Greymeister.net

Getting Rid of Duplicates in the Hacker News Feed

I’m happy to say I’ve survived the Google Reader Apocalypse and switched over to Feedbin to synchronize my feeds. Reeder on my iPhone supports this aggregator and so from that perspective the change has had very little impact on me. I miss is the desktop experience I had with NetNewsWire, but the web interface for Feedbin is much better than Google Reader and removed my need for a dedicated application.

The only new issue that I’ve encountered that I don’t remember from the Reader days are duplicated feed entries, which is only a big nuisance when it comes to a feed as active as Hacker News. The GitHub issue explains why this happens, but to summarize, Hacker News doesn’t assign a unique ID to each post, so Feedbin tries to assign one for it. Unfortunately, the way an ID is generated means that if the post title changes, as is often the case with Hacker News, a new ID is generated and appears as a completely different post in my feed. It got to the point where I became suspicious of visiting any posts on a topic I’d already seen. However, this sort of mental burden is exactly the sort of thing software is supposed to relieve us of!

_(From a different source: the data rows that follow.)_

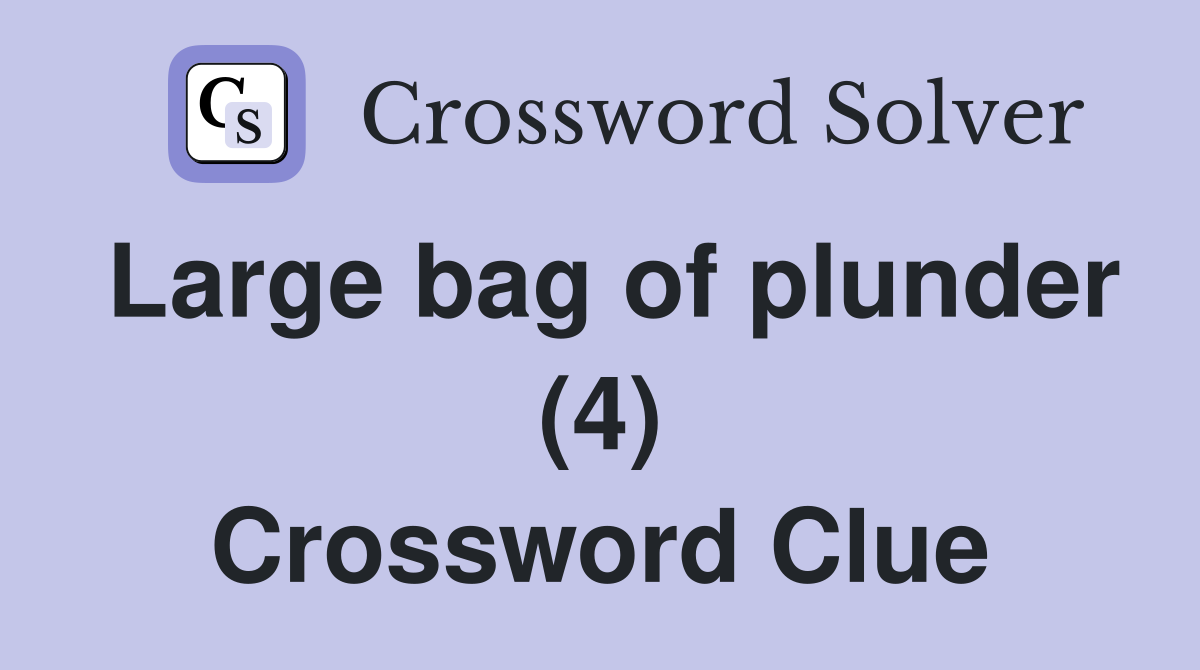 Large bag of plunder (4) Crossword Clue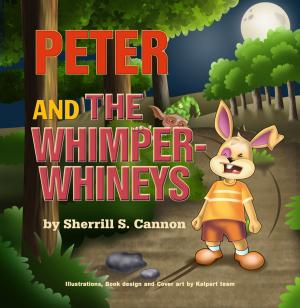 Cover of the book Peter and the Whimper-Whineys by Wynter Wilkins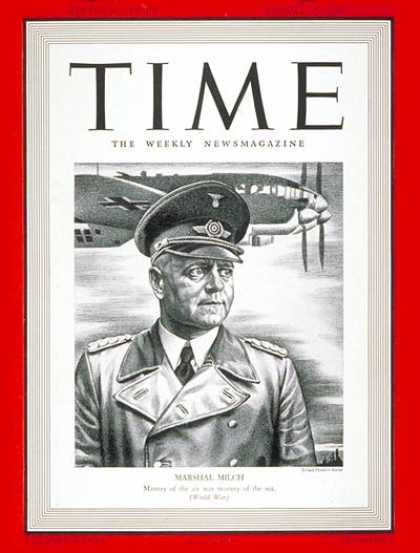 Time - Marshal Erhard Milch - Aug. 26, 1940 - World War II - Military - Germany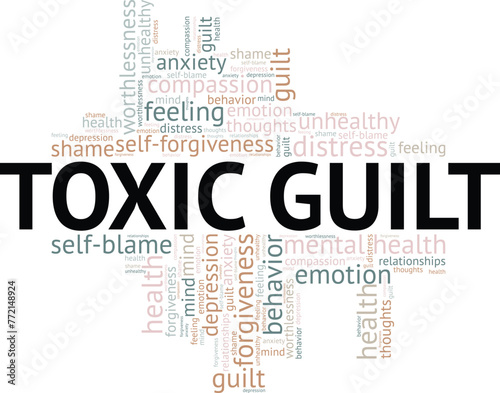 Toxic Guilt word cloud conceptual design isolated on white background.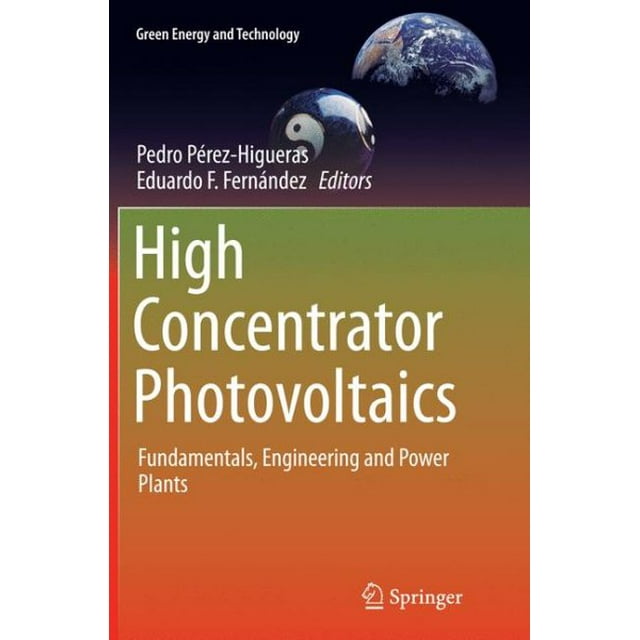 Green Energy and Technology: High Concentrator Photovoltaics: Fundamentals, Engineering and Power Plants (Paperback)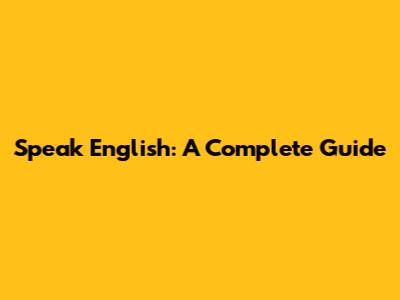 Speak English: A Complete Guide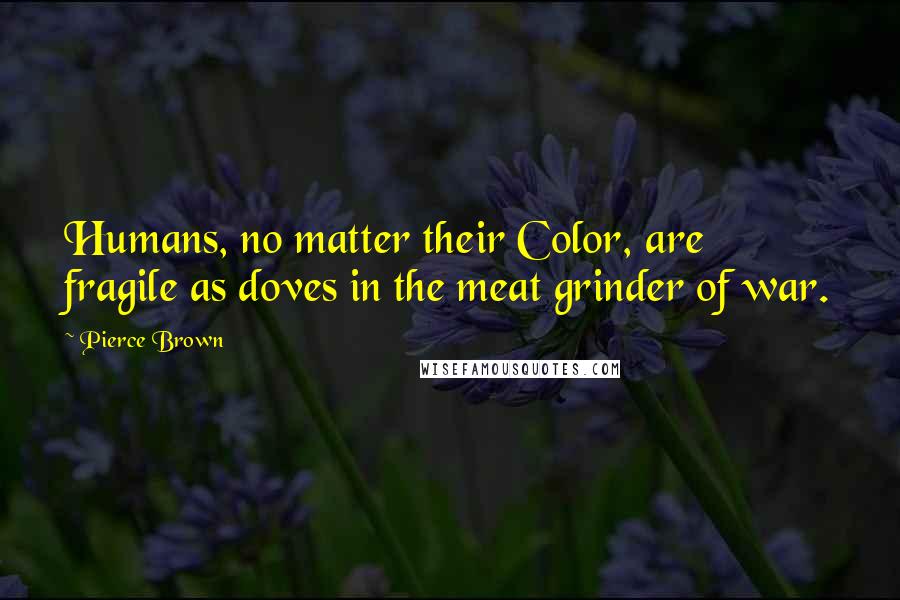 Pierce Brown Quotes: Humans, no matter their Color, are fragile as doves in the meat grinder of war.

Instead of having to do any mental pre-filtering, I thought I’d let a bot do that work for me. The solution to this problem seems to be pretty simple: if a post links to a URL that I’ve already seen, skip it. So I needed to be able to do the following:

1. Fetch an RSS feed.
2. Compare the links in each entry to the links in previous entries.
3. If the link is found, skip the entry, otherwise mark the entry as visited.
4. Produce a curated feed from the source only containing new entries.

The first step would be the most technically challenging, but instead of writing this from scratch I assumed there would be a library I could use for this. Python has a pretty good library for this, feedparser, and I’d wanted to try learning the language as a break from what I normally use. It was easy to point it at a URL and get an object that contained the metadata I needed. The next step was some way to compare the links in the source feed to links I had visited previously. An sqlite database made this pretty simple. I just created a table containing a date and a URL. The date isn’t used, but I knew I could go back later and prune the database size down by removing links that were, say, older than a month.

Now I had a system for looking at a RSS feed and finding links that were already published, but I needed a way to make use of it. It was pretty easy to construct a template with Jinja and build the feed, but that wasn’t useful unless I could replace the source feed with this curated one. I thought about copying the file to Dropbox, but decided instead to use Amazon S3. There is a really nice Python library for AWS, boto. I was able to take the template, create a uniquely named bucket, and upload the feed. Making the bucket and the feed object public readable would allow the Feedbin bot access, and now I could just subscribe to the S3 URL directly. I wrote a small shell script and added a crontab to visit the source feed once an hour, which gives Feedbin plenty of time to see it before it updates.

After using this for a week, I’ve only run into one problem: since I’m using a direct string comparison with the entry URL, if there is a trailing slash in one but not the other, it appeared as a unique entry. That was easy enough to fix, and I’m pretty happy with how it has worked. There is plenty of room for improvement, and the code is on GitHub with an MIT license.